#VU13007 Privilege escalation (backdoor) in DIR-620 - CVE-2018-6213
Published: May 24, 2018
Vulnerability identifier: #VU13007
Vulnerability risk: High
CVSSv4.0: CVSS:4.0/AV:N/AC:L/AT:N/PR:N/UI:N/VC:H/VI:H/VA:H/SC:N/SI:N/SA:N/E:U/U:Amber
CVE-ID: CVE-2018-6213
CWE-ID: CWE-798
Exploitation vector: Remote access
Exploit availability:
No public exploit available
Vulnerable software:
DIR-620
DIR-620
Software vendor:
D-Link
D-Link
Description
The vulnerability allows a remote attacker to gain elevated privileges on the target system.

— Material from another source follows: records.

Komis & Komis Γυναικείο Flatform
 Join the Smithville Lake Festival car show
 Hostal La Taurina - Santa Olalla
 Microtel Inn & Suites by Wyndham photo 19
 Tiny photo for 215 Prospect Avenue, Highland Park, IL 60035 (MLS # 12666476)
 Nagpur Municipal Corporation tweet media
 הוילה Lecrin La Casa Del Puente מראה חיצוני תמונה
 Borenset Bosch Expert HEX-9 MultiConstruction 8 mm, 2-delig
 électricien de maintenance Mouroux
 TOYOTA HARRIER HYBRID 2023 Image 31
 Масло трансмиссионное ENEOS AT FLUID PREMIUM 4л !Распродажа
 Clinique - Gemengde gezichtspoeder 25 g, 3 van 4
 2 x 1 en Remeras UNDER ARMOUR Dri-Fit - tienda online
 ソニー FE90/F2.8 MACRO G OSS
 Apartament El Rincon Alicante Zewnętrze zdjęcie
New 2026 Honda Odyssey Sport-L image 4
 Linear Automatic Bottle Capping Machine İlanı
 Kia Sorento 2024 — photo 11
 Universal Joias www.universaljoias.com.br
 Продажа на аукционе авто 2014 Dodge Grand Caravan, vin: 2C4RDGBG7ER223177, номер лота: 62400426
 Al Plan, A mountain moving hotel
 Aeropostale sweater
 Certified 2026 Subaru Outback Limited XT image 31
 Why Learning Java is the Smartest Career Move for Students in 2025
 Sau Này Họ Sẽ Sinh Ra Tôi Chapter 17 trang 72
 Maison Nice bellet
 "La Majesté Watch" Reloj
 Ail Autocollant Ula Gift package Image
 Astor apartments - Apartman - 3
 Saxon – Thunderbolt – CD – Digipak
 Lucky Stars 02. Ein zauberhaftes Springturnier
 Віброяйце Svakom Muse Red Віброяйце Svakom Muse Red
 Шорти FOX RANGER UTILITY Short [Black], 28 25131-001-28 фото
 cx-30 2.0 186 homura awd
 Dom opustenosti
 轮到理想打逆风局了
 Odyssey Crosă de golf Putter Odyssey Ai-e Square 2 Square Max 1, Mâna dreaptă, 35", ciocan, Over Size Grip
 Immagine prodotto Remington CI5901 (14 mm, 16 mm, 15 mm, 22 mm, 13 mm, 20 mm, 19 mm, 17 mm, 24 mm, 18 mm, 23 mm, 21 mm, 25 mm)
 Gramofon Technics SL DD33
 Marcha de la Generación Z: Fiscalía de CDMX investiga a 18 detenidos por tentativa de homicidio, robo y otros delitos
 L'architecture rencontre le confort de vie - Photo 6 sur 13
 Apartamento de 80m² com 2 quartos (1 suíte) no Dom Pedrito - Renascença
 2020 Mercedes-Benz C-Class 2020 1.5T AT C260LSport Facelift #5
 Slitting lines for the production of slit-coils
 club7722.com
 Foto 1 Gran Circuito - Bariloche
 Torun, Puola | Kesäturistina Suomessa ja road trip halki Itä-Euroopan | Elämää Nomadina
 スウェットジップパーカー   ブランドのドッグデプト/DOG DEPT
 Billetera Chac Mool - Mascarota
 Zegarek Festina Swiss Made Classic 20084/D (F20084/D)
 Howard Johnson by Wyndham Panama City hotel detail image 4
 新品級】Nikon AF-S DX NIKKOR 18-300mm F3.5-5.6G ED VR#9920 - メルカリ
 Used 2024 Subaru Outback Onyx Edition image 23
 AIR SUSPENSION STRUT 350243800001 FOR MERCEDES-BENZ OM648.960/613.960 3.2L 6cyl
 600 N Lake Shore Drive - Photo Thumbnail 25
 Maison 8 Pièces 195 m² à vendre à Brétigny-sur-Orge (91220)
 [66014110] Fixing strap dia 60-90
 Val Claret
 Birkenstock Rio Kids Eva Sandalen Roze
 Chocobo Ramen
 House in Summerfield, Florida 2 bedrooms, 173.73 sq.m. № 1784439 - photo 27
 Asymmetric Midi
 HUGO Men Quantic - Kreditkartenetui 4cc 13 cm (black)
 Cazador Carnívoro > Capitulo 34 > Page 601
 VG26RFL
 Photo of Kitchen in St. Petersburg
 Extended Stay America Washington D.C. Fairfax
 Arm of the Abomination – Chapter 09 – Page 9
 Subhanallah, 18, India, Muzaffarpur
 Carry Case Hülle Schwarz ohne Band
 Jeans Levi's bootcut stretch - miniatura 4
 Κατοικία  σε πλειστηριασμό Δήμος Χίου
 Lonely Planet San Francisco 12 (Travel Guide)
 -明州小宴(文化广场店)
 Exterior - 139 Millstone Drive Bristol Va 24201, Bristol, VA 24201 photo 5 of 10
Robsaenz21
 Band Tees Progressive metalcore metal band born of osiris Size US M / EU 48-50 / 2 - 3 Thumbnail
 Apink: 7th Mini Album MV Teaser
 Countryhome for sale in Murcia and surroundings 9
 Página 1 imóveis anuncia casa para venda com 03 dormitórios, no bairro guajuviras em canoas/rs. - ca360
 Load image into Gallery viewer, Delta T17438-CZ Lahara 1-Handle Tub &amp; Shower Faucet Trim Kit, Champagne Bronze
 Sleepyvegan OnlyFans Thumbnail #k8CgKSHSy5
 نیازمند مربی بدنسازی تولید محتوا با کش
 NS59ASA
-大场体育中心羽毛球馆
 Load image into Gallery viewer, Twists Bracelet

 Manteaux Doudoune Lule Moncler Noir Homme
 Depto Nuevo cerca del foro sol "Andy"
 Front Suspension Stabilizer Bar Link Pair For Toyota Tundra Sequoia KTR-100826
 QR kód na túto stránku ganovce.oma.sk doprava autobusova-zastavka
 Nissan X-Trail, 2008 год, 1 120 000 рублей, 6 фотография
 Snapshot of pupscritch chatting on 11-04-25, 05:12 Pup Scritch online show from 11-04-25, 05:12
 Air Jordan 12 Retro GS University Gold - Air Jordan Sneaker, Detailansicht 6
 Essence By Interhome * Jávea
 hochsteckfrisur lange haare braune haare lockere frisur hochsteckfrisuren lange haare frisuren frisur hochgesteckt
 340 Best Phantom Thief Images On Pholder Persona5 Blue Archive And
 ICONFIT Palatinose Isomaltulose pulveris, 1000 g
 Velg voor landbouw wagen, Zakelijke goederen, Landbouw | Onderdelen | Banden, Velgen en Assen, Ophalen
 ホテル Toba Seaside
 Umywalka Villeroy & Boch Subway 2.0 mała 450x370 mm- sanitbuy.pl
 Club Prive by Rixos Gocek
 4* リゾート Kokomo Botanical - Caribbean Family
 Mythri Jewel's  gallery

The weakness exist due use of hardcoded default credentials for web dashboard. A remote attacker can use a backdoor account to gain privileged access to the firmware, extract sensitive data, e.g., configuration files with plain-text passwords, run arbitrary JavaScript code in the user environment and run arbitrary commands in the router’s operating system (OS).
Successful exploitation of the vulnerability may result in system compromise.
Remediation
To mitigate the issues Kaspersky recommends:
- Restrict any access to the web dashboard using a whitelist of trusted IPs
- Restrict any access to Telnet
- Regularly change your router admin username and password.